La police métropolitaine a reçu le soutien de Sunak qui a déclaré : «La peur et l’intimidation dont la communauté juive a fait l’objet au cours du week-end sont déplorables. Tout acte criminel doit être sanctionné par la force totale et rapide de la loi.»

En réalité, la déclaration de Braverman a donné le feu vert à quelques centaines de fascistes pour tenter de manifester au monument aux morts du Cénotaphe le jour de l’Armistice et d’attaquer ensuite des sections de la manifestation.

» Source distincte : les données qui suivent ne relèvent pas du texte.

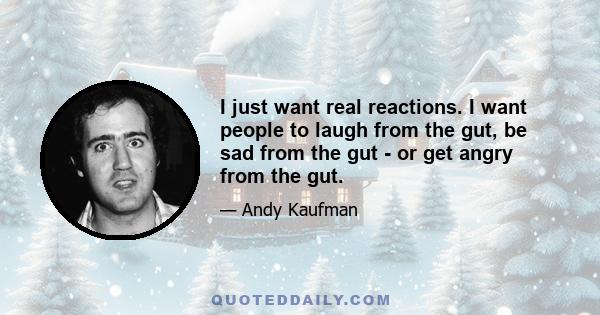 I just want real reactions. I want people to laugh from the gut, be sad from the gut - or get angry from the gut.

Quatre jours avant les événements, Braverman avait écrit dans le Times que les supporters de football avaient souffert de manière disproportionnée aux mains de la police; la majorité des voyous d’extrême droite qui ont attaqué la police étaient membres de «firmes» de football de gangs. Des images prises par des manifestants antiguerre à la gare de Waterloo montrent un groupe de voyous d’extrême droite, dont l’un porte le maillot du club de football d’Arsenal, qui les menacent et les bousculent. L’un des meneurs, identifié en ligne quelques heures plus tard sous le nom de Kevin Sweeney, est un supporter du Chelsea Football Club. Sur la vidéo, on le voit s’approcher à plusieurs reprises du manifestant antiguerre qui filme l’agression et lui dire – à quelques centimètres de son visage – qu’il est un «connard terroriste».

Trois des quatre personnes ont été arrêtées par la police des transports britannique à la suite d’une «altercation aggravée par des considérations raciales».

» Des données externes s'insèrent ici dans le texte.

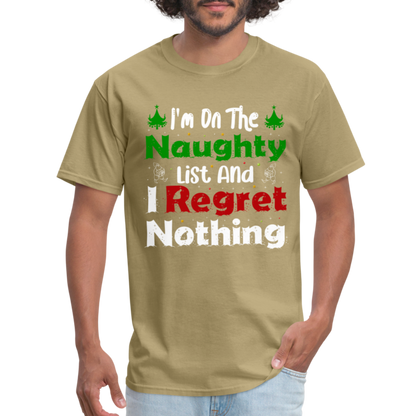 I'm On The Naughty List And I Regret Nothing T-Shirt - khaki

Non seulement des manifestants pacifiques s’opposant au génocide sont comparés à de tels voyous, mais les gros titres diabolisant les manifestants antiguerre sont utilisés pour minimiser le fait que la grande majorité des plus de 140 arrestations effectuées par la police au cours du week-end étaient le fait de la racaille fasciste.

Le Times, dans son article en ligne intitulé «Un enseignant recherché par la police pour une caricature de noix de coco lors d’une manifestation propalestinienne», a ajouté 89 mots sur les événements survenus à la gare de Waterloo, comme une réflexion après coup.

La principale plainte de la police métropolitaine samedi était que l’encouragement de l’extrême droite par Braverman avait empêché la police de cibler les manifestants antiguerre. Le commissaire adjoint, Matt Twist, a écrit samedi soir: «Localiser et intercepter des suspects dans une foule de la taille de celle que nous avons vue aujourd’hui sera toujours un défi, mais nous avons été encore plus limités dans notre capacité à le faire en raison du nombre de policiers que nous avons dû déployer, dès le début de la journée, en réponse à la violence des groupes de droite dans le centre de Londres».

Cette chasse aux sorcières confirme la dérive du gouvernement et de l’État vers la droite depuis la démission de Braverman.

Après avoir limogé Braverman pour avoir contesté son autorité et critiqué la police, Sunak a fait savoir que cela ne signifiait pas un désaccord avec la nécessité de réprimer l’opposition populaire. Lundi, le tabloïd The Sun a fait partie des journaux qui ont rapporté les plans de répression des manifestations qui leur ont été envoyés par le bureau de Sunak.

Le seuil à partir duquel les policiers peuvent interdire les marches et les manifestations pour des raisons de sécurité serait abaissé. La loi sur la glorification des terroristes comme le Hamas serait également renforcée, les policiers estimant qu’elle est trop vague pour être appliquée à l’heure actuelle. En outre, «les ministres étudient également les moyens de restreindre certains slogans, comme “de la rivière à la mer”, lors des manifestations, en travaillant avec les organisateurs pour fixer les conditions d’approbation des manifestations».

Le journal ajoute, comme justification supposée de ces mesures répressives, que «le resserrement envisagé par Downing Street intervient après une journée de haine dans le centre de Londres et des semaines de manifestations propalestiniennes qui ont été marquées par des affiches et des slogans antisémites».